» **Problem to solve**
The line with "SANISA Women Floral" marks the first line to copy, and the line with "Certified 2025 Jeep" marks the last. Transcribe that stretch of the data below exactly, without pictures.

» **Provided data**

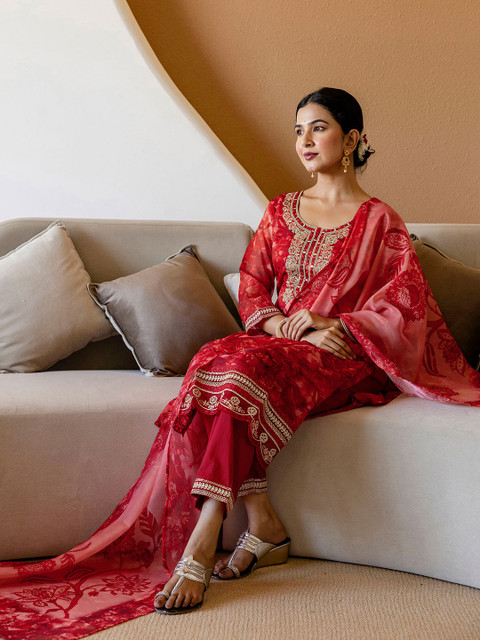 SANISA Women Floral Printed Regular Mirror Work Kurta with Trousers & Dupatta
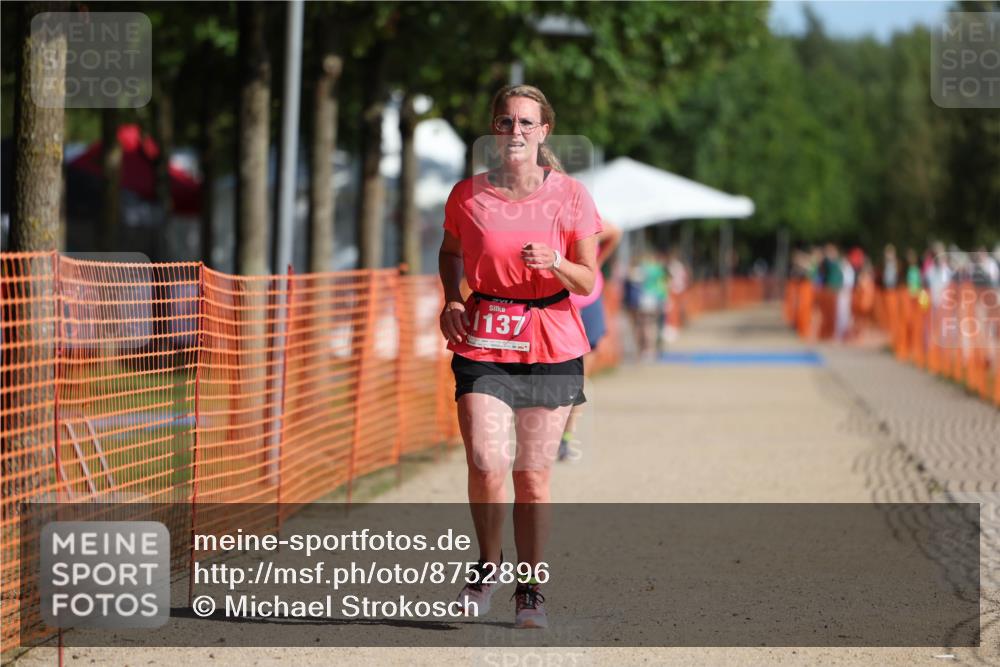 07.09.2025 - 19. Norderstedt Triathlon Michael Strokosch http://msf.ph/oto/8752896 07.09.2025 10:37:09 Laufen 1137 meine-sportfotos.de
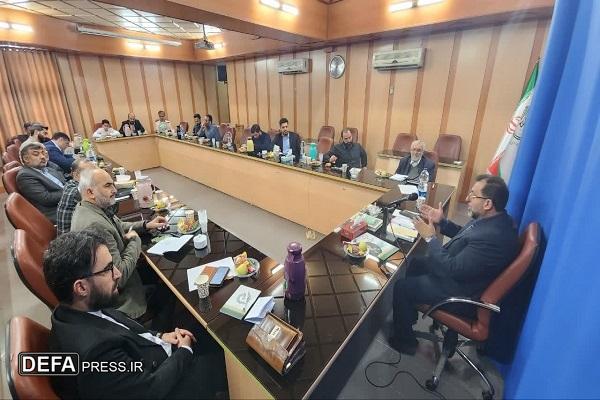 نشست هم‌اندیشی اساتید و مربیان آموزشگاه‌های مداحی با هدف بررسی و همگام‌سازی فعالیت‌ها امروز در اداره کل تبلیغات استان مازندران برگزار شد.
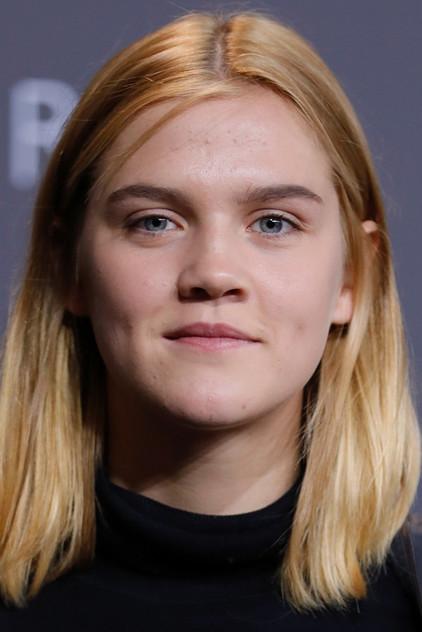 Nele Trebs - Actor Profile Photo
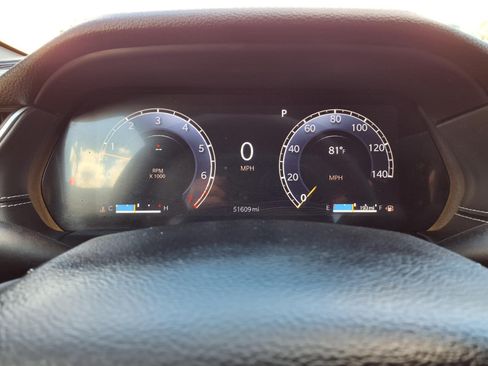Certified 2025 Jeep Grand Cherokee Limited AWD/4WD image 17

--

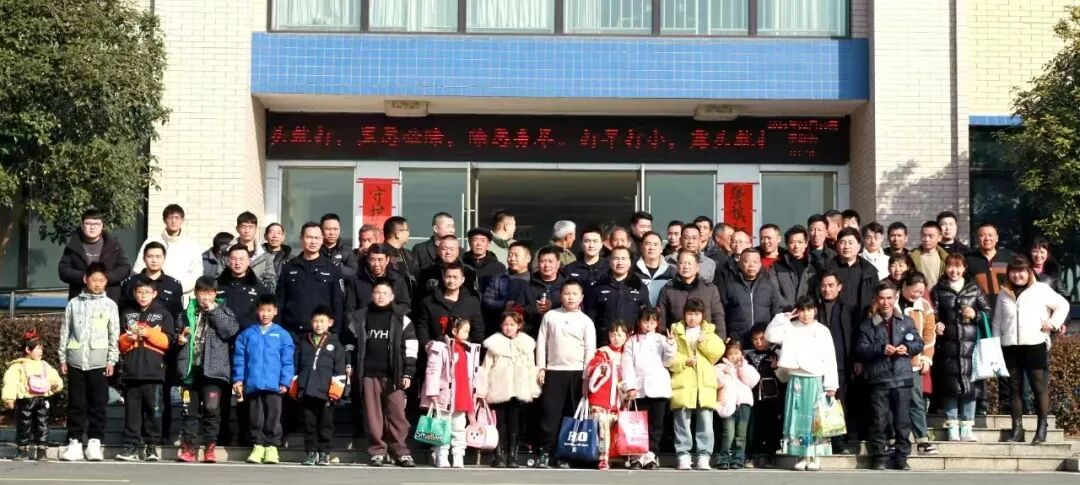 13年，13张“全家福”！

» **Solution to the exercise**
 SANISA Women Floral Printed Regular Mirror Work Kurta with Trousers & Dupatta
 07.09.2025 - 19. Norderstedt Triathlon Michael Strokosch http://msf.ph/oto/8752896 07.09.2025 10:37:09 Laufen 1137 meine-sportfotos.de
 نشست هم‌اندیشی اساتید و مربیان آموزشگاه‌های مداحی با هدف بررسی و همگام‌سازی فعالیت‌ها امروز در اداره کل تبلیغات استان مازندران برگزار شد.
 Nele Trebs - Actor Profile Photo
Certified 2025 Jeep Grand Cherokee Limited AWD/4WD image 17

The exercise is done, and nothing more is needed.